Why are CI jobs ("state" method) building more/less models/nodes than expected?

Snapshots schemas are dynamic based on the target instead of static.

If you’re using this common pattern Using dynamic schemas for snapshots to dynamically generate your snapshots target_schema, then the snapshot would be considered modified and thus, your snapshot and everything downstream of it will be executed (depending on your selection of course - i.e. the typical --select state:modified+ would).

There’s a call out to that directly in the linked discourse but I’m going to show a full working example here.

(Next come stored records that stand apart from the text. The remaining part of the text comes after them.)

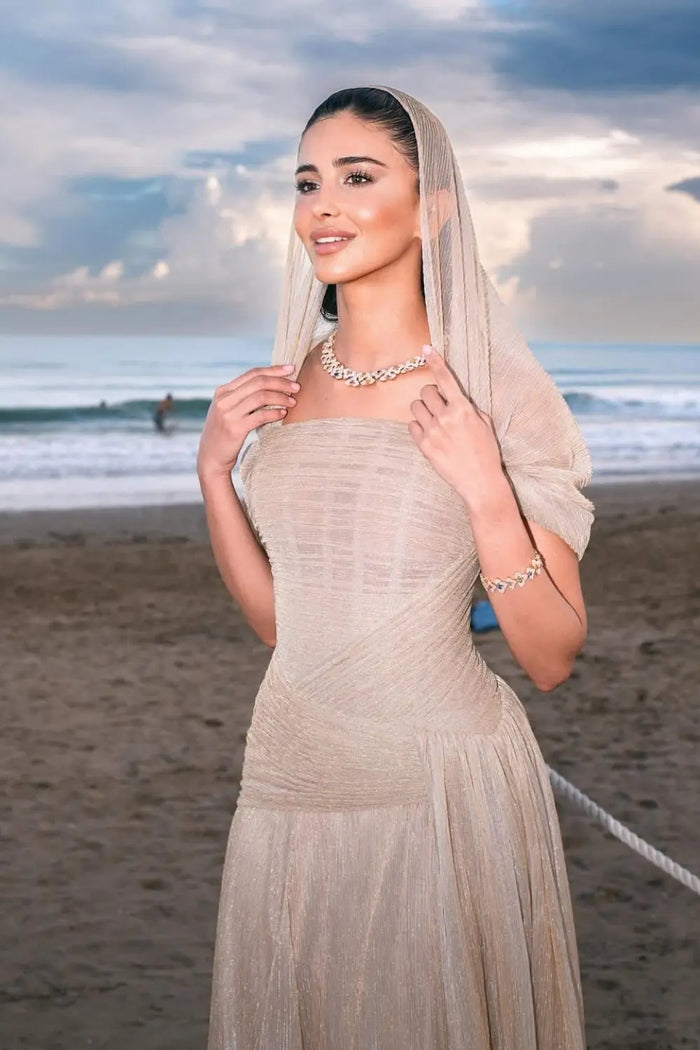Champagne Tulle Ruched Square Neck Sheer Veil Evening Dress SF045 Sheer Fairy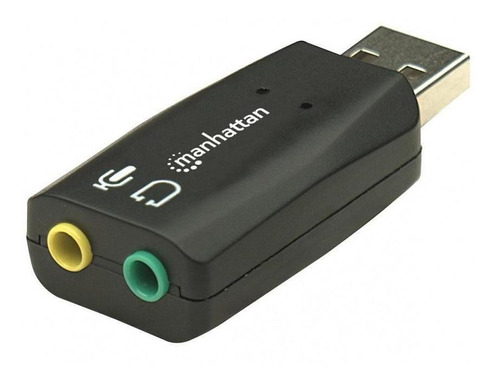 Adaptador De Audio Manhattan, Usb 2.0 M, Macho/hembra, Negro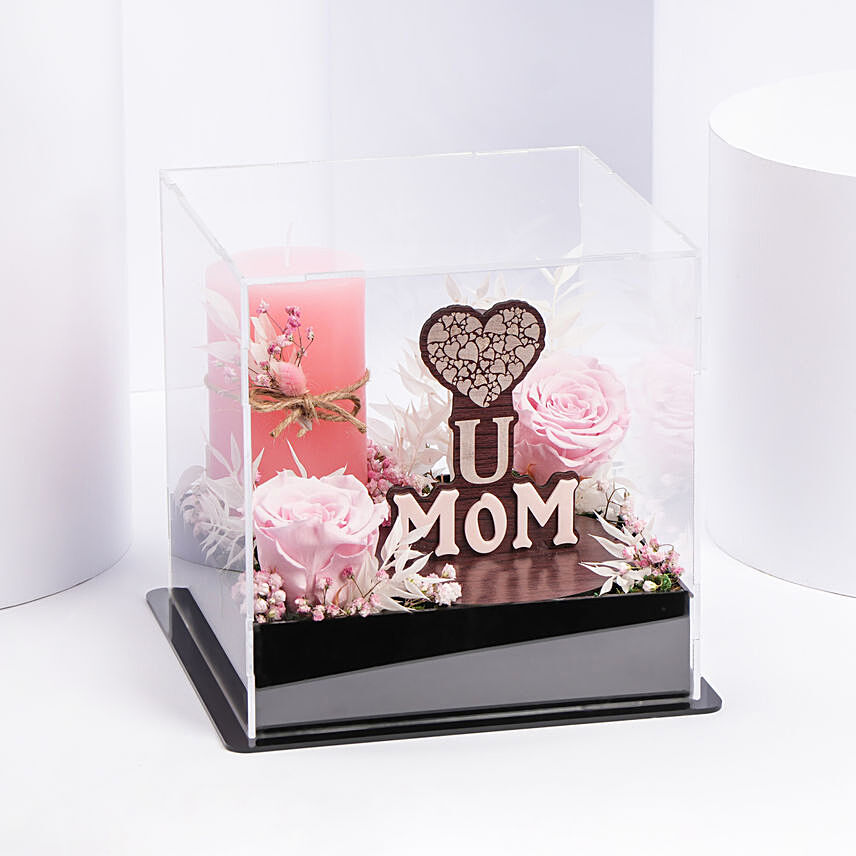 Love You Mom Preserved Rose And Candle: Flower Arrangements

If we have a dbt project setup like so:

# dbt_project.yml
name: my_dbt_project
profile: all
config-version: 2
version: 1.0

models:
  my_dbt_project:
    +materialized: table
    +schema: dbt_jyeo
-- macros/gsn.sql
{% macro generate_schema_name(custom_schema_name, node) -%}
    {%- set default_schema = target.schema -%}
    {%- if target.name == 'prod' -%}
        dbt_jyeo_prod
    {%- elif target.name == 'ci' -%}
        dbt_jyeo_ci
    {%- else -%}
        {{ custom_schema_name }}
    {%- endif -%}
{%- endmacro %}

-- snapshots/snappy.sql
{% snapshot snappy %}
{{
    config(
        target_schema=generate_schema_name('dbt_jyeo'),
        unique_key='id',
        strategy='check',
        check_cols='all'
    )
}}

select 1 id, 'alice' as first_name
{% endsnapshot %}

-- models/foo.sql
select 1 id

-- models/from_snappy.sql
select * from {{ ref('snappy') }}

That is depending on the target, we want the snapshot to be built into a different schema.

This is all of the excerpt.